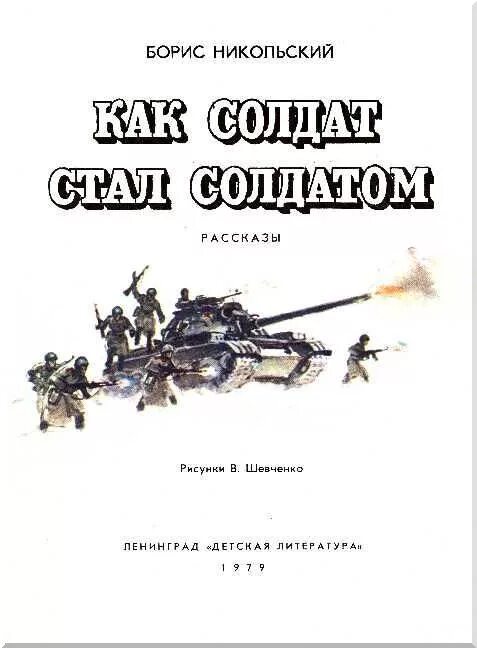 Сын солдата рассказ. Солдат с книгой. Как солдат стал солдатом книга. Книги как стать солдатом.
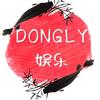 DONGLY娛樂头像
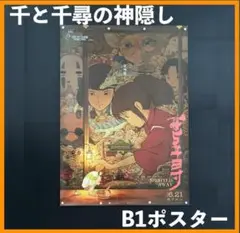 千と千尋の神隠し　中国ポスター 千と千尋の神隠し』の中国版ポスターが美しい。「センスの塊と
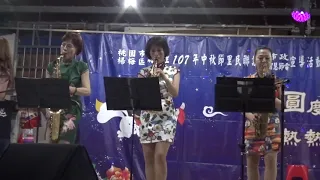 葡萄美酒~百樂門音樂玩家協會 2018.9.22楊梅區瑞塘里中秋晚會-PINK樂團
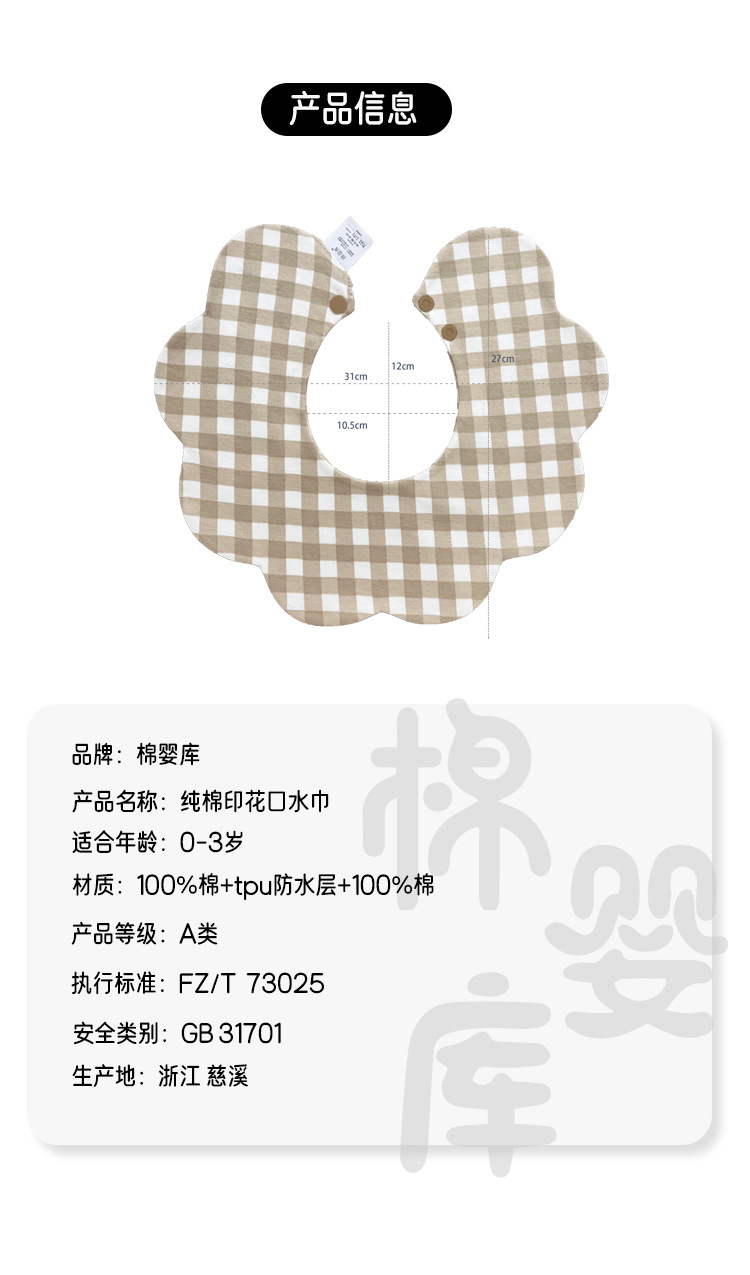 新款韩版男女婴儿围嘴花瓣旋转宝宝口水巾纯棉围兜A类 母婴批发详情15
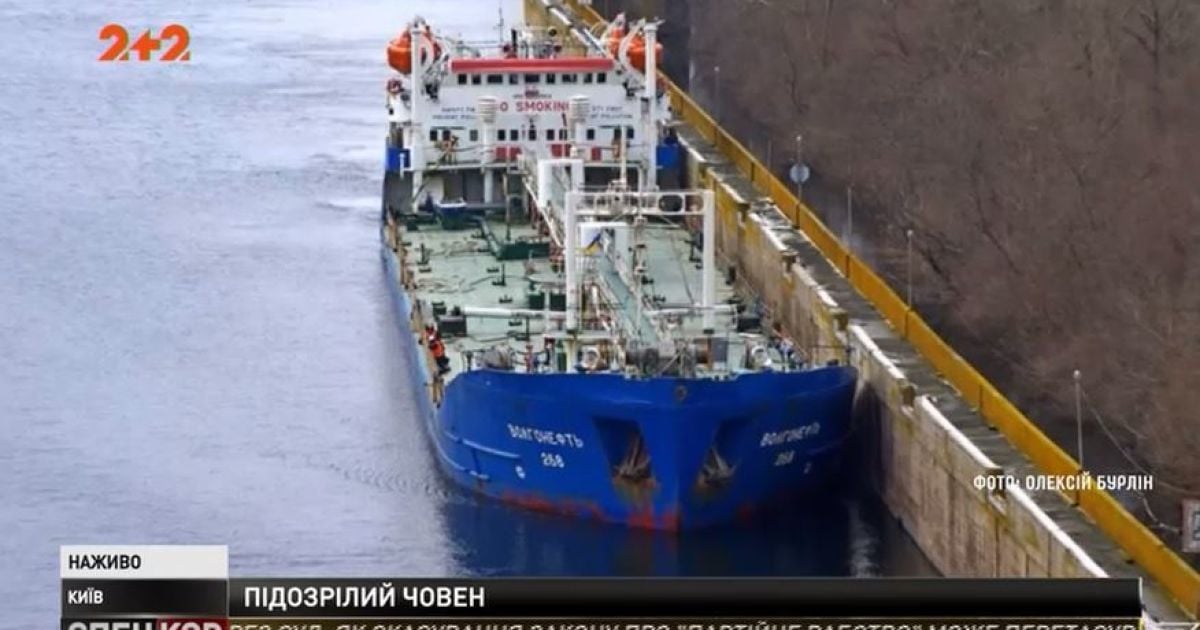 У Запоріжжі помітили російський нафтовий танкер під українським прапором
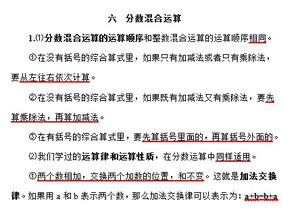 六及基礎(chǔ)知識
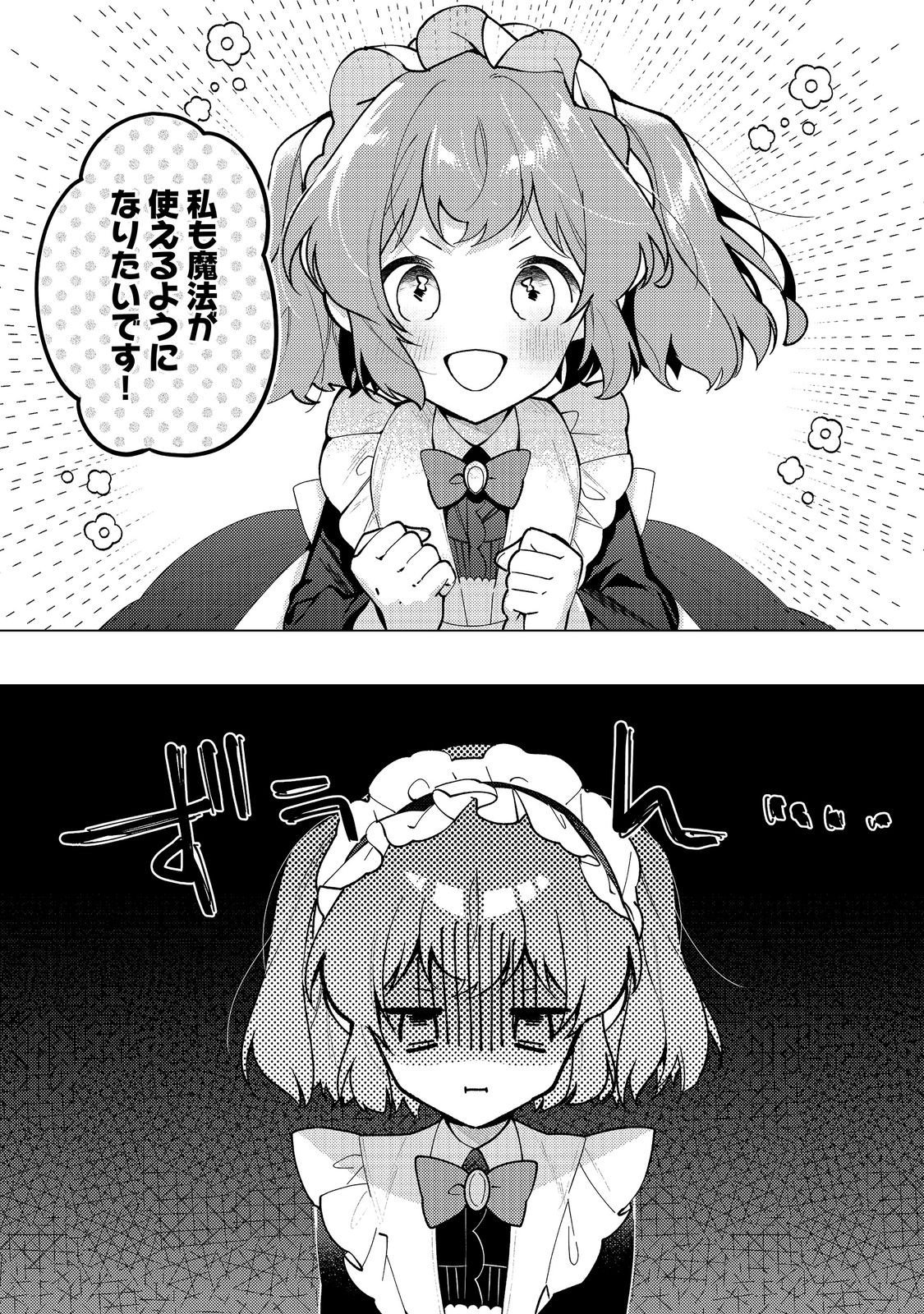 Heroine? Seijo? Iie, All Works Maid desu (ko)! @COMIC Chapter 37.1 5ページ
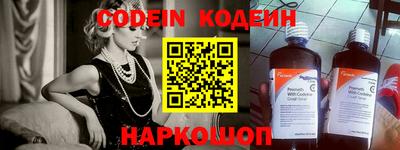 альфа пвп VHQ Сланцы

**Your goal**. Make an exact copy of every record, pictures excluded.

**Finished exercise**.
 Сын солдата рассказ. Солдат с книгой. Как солдат стал солдатом книга. Книги как стать солдатом.
 DONGLY娛樂头像
 千と千尋の神隠し　中国ポスター 千と千尋の神隠し』の中国版ポスターが美しい。「センスの塊と
 葡萄美酒~百樂門音樂玩家協會 2018.9.22楊梅區瑞塘里中秋晚會-PINK樂團
 新款韩版男女婴儿围嘴花瓣旋转宝宝口水巾纯棉围兜A类 母婴批发详情15
 У Запоріжжі помітили російський нафтовий танкер під українським прапором
 六及基礎(chǔ)知識
 Heroine? Seijo? Iie, All Works Maid desu (ko)! @COMIC Chapter 37.1 5ページ
 альфа пвп VHQ Сланцы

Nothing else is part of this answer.